AstraZeneca (London) reported in February 2010 that its sales in emerging markets represented 13% of its 2009 healthcare revenues of $32.8 billion and emphasized that growth in these markets is a strategic priority. The company offered data from IMS Health that ranked the company third among the large pharmaceutical companies in growth in Asia-Pacific at 12.0%, first in Latin America at 18.8%, and third in Central and Eastern Europe/Middle East, and Africa (CEE/MEA) at 9.7%. The growth applies from the first quarter 2009 to year-to-date at the time of the presentation (early February 2010). AstraZeneca outperformed overall pharmaceutical growth in Latin America for this period, which was 11.3%, and was only slighly below growth rates in Asia Pacific, which grew at 13.2%, and in CEE/MEA, which increased at 10.2%
Christopher Viehbacher, CEO of sanofi-aventis (Paris) said in February 2010 that the company's net sales in emering markets rose by 19.0% to EUR 7.36 billion ($10.0 billion), accounting for 25.1% of the company's consolidated net sales in 2009. Net sales in China grew by 28.8% to EUR 512 million ($697 million), and sales in Russia increased nearly 60% to EUR 508 million ($692 million).
Novartis (Basel, Switzerland) announced in November 2009 that it will invest $1 billion to increase the company's R&D activities in China, which includes a significant expansion of the Novartis Institute of Biomedical Research (CNIBR) in Shanghai, which focuses on basic R&D of new drugs in China.
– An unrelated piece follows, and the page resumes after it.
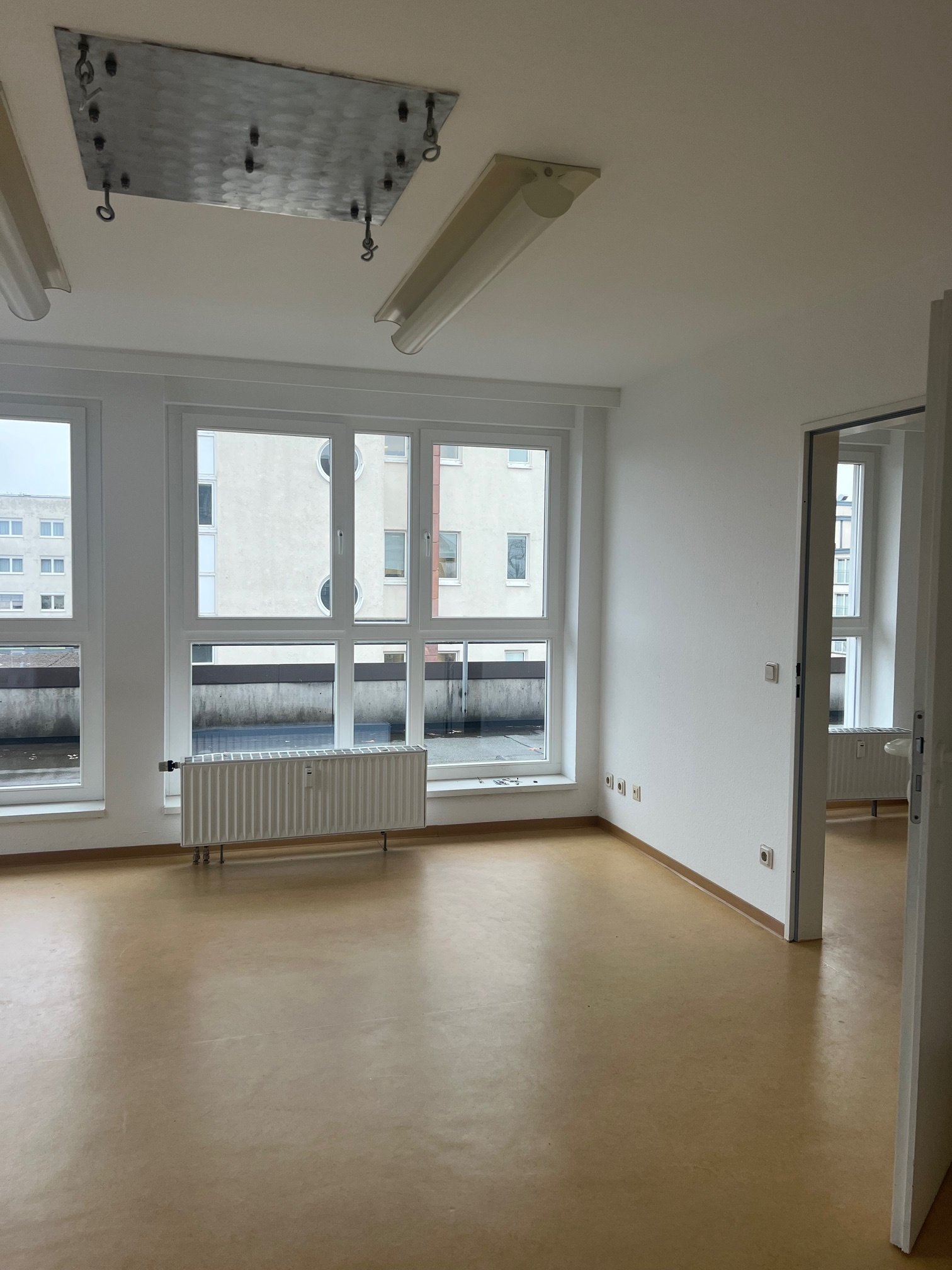 Moderne Büro- oder Praxisräume (52) im Stadtzentrum von Saarlouis – Ihr neuer Arbeitsplatz!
With the investment, CNIBR will become Novartis's third largest R&D center after the company's R&D facilities in Cambridge, Massachusetts, and Basel. Novartis plans to increase the number of R&D associate positions at CNIBR from a current level of 160 to roughly 1000. Novartis is also investing $250 million for a new global technical center in Changsu, Jiangsu Province, China, which will focus on technical R&D and manufacturing-related activities for APIs.
In addition to partnering with domestic suppliers, established Western contract manufacturers are expanding in emerging markets. A case in point is Lonza (Basel), the large contract manufacturer of small-molecules and biological APIs. The company started up new facilities for custom manufacturing for chemical APIs in Nansha, Yunnan Province, China, in 2009. The company also started laboratory-scale peptide production in Nansha, with additional capacities under evaluation.
1. P. Van Arnum, Pharm. Technol.34 (1), 46–49 (2010).